Work request — Your task is to find every line in the records that holds the string "will" and copy it.

Data extracted from a collection —
:::::

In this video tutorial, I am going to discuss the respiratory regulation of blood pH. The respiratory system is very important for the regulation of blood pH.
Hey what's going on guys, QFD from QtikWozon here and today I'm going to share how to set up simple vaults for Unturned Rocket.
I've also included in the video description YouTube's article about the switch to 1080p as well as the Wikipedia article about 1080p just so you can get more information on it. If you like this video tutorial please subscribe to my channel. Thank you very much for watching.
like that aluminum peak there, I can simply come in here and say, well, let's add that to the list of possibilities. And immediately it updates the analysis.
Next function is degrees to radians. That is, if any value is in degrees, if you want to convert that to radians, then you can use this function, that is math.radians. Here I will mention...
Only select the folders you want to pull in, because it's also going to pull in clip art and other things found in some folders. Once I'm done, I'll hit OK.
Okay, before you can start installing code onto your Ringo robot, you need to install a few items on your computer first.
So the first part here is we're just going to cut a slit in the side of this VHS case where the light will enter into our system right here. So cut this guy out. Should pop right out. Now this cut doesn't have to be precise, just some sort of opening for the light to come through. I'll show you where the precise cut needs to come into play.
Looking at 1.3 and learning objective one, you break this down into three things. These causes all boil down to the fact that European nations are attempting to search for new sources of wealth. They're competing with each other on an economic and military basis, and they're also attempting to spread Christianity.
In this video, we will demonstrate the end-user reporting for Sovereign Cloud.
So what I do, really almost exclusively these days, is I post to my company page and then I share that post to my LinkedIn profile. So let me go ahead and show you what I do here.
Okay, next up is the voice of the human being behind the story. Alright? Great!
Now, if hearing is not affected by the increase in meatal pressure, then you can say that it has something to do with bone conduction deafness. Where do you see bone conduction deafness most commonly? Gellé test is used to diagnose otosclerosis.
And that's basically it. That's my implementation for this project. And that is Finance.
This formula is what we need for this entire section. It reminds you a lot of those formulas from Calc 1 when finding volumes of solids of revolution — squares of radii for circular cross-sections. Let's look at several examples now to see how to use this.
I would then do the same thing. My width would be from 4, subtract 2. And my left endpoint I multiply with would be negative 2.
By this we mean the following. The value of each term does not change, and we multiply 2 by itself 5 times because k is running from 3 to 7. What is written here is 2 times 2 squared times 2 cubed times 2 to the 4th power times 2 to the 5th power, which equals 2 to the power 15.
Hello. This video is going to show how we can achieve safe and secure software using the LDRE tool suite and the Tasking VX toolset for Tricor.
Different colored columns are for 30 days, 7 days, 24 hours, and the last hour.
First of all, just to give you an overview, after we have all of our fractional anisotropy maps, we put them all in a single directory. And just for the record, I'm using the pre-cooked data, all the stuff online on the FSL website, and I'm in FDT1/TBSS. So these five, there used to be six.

:::::

Solution to the exercise —
Next function is degrees to radians. That is, if any value is in degrees, if you want to convert that to radians, then you can use this function, that is math.radians. Here I will mention...
So the first part here is we're just going to cut a slit in the side of this VHS case where the light will enter into our system right here. So cut this guy out. Should pop right out. Now this cut doesn't have to be precise, just some sort of opening for the light to come through. I'll show you where the precise cut needs to come into play.
In this video, we will demonstrate the end-user reporting for Sovereign Cloud.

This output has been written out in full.